## WHAT IS BEING ASKED
Type out the complete listing below word for word, without its pictures.

## DATA TO EXAMINE
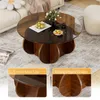 A round coffee table with a glass top and wooden base, shown in a living room setting with a sofa and rug. The image is a collage with close-up views highlighting features. Produktbild-Vorschau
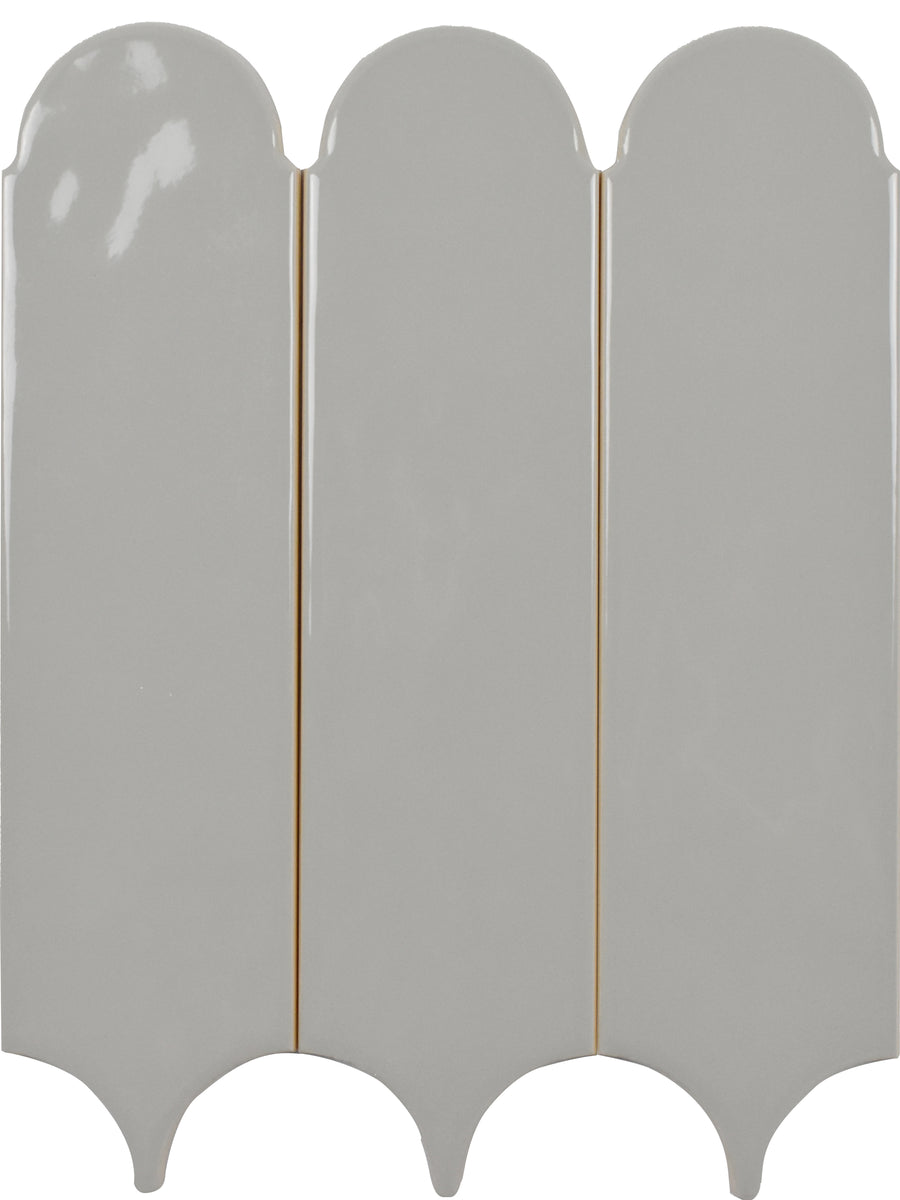 The Tranquill 3x12 Glazed Ceramic Tile features a light gray finish with three vertical, rounded arches at the top and curved cutouts at the bottom, separated by narrow grooves for a timeless look.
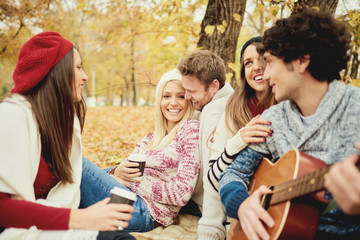     Friends having a good time in park at autumn/ singing and playing guitar 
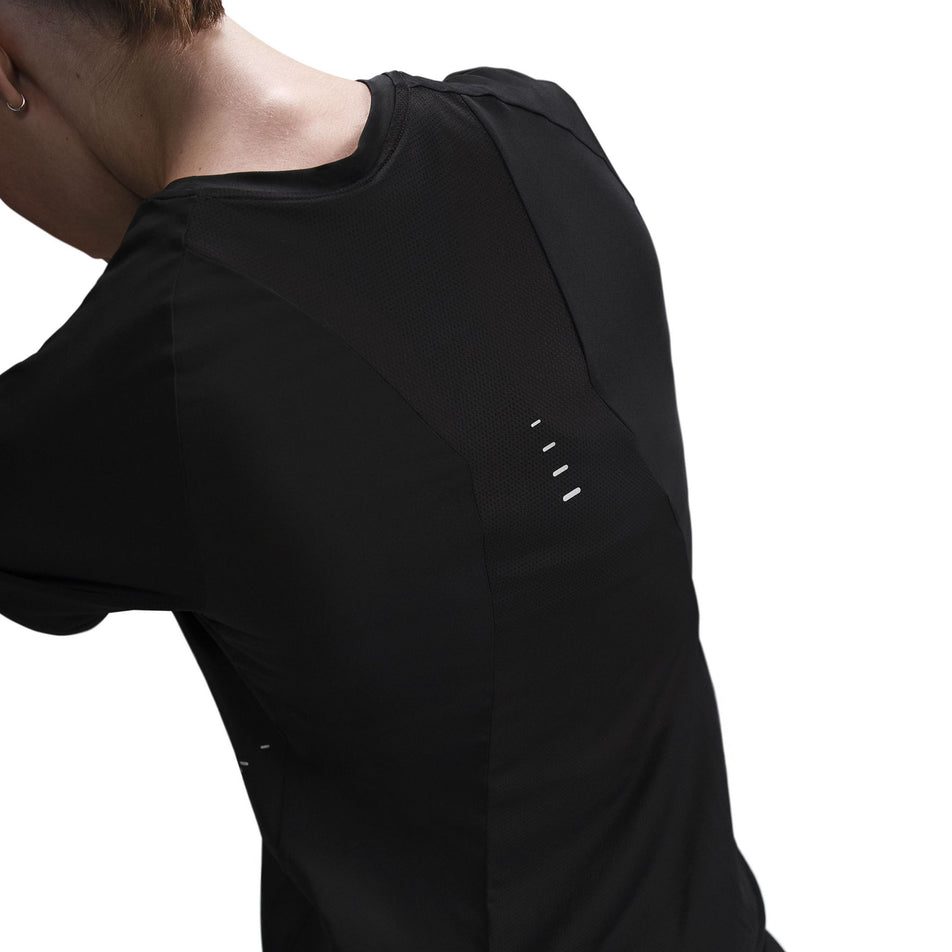 Back view of a model wearing a Nike Women's Swift Dri-FIT Short-Sleeve Running Top in the Black/Reflective Silver colourway. (8560479404194)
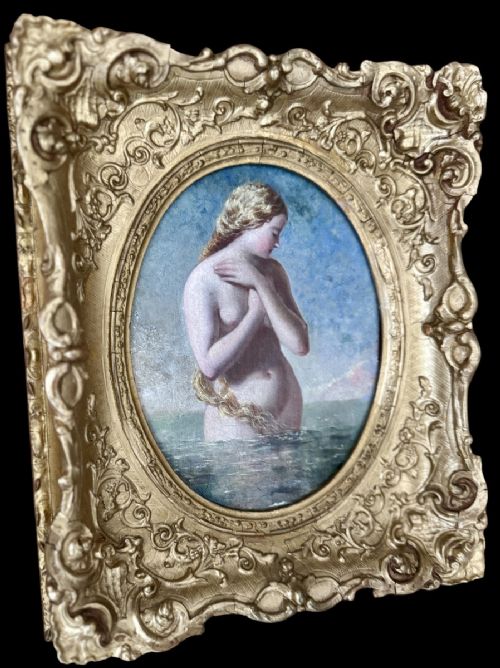fig 2. An oval Victorian oil painting depicting a mythological blonde Nereid emerging from sea water, set within a heavily carved rectangular gold gilt frame.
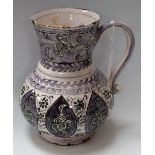 A Middle Eastern tin glazed earthenware baluster jug,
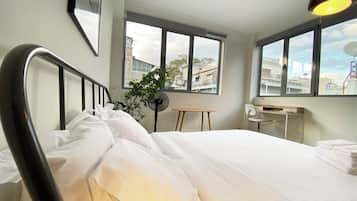 Una camera d'hotel con un letto, una scrivania, una sedia, una pianta e ampie finestre.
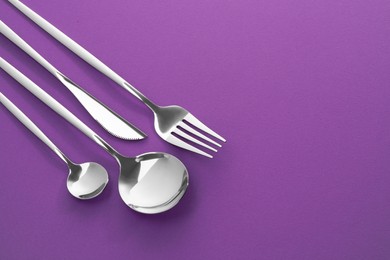 Fork, knife and spoons on purple background, flat lay with space for text. Stylish cutlery set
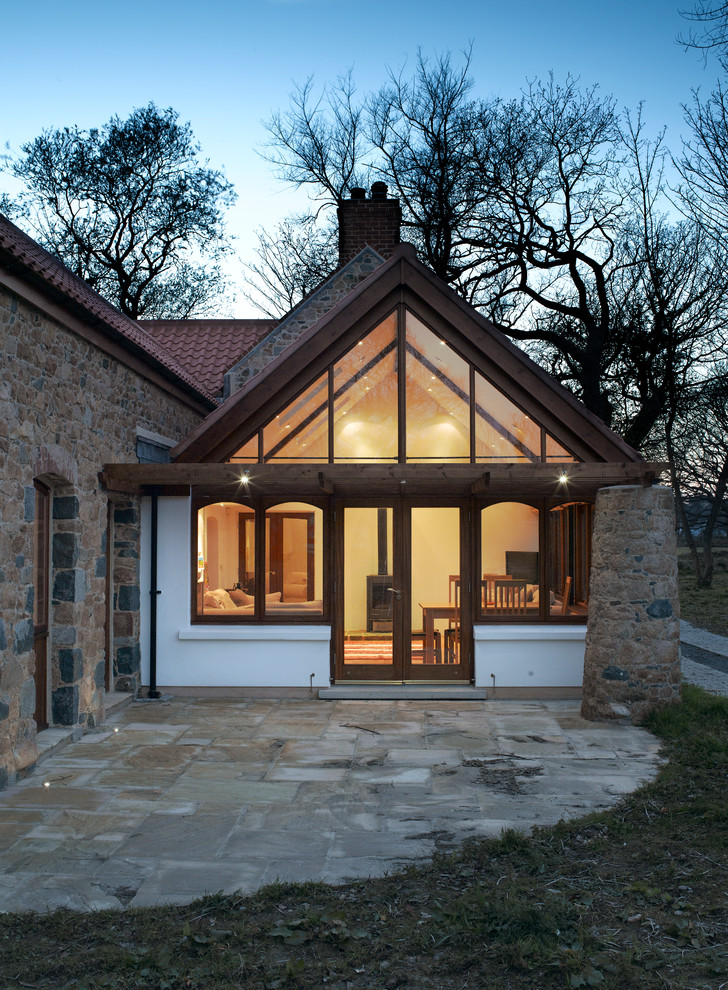 Country bungalow house exterior in Channel Islands with stone cladding.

## OUTPUT
 A round coffee table with a glass top and wooden base, shown in a living room setting with a sofa and rug. The image is a collage with close-up views highlighting features. Produktbild-Vorschau
 The Tranquill 3x12 Glazed Ceramic Tile features a light gray finish with three vertical, rounded arches at the top and curved cutouts at the bottom, separated by narrow grooves for a timeless look.
     Friends having a good time in park at autumn/ singing and playing guitar 
 Back view of a model wearing a Nike Women's Swift Dri-FIT Short-Sleeve Running Top in the Black/Reflective Silver colourway. (8560479404194)
fig 2. An oval Victorian oil painting depicting a mythological blonde Nereid emerging from sea water, set within a heavily carved rectangular gold gilt frame.
 A Middle Eastern tin glazed earthenware baluster jug,
 Una camera d'hotel con un letto, una scrivania, una sedia, una pianta e ampie finestre.
 Fork, knife and spoons on purple background, flat lay with space for text. Stylish cutlery set
 Country bungalow house exterior in Channel Islands with stone cladding.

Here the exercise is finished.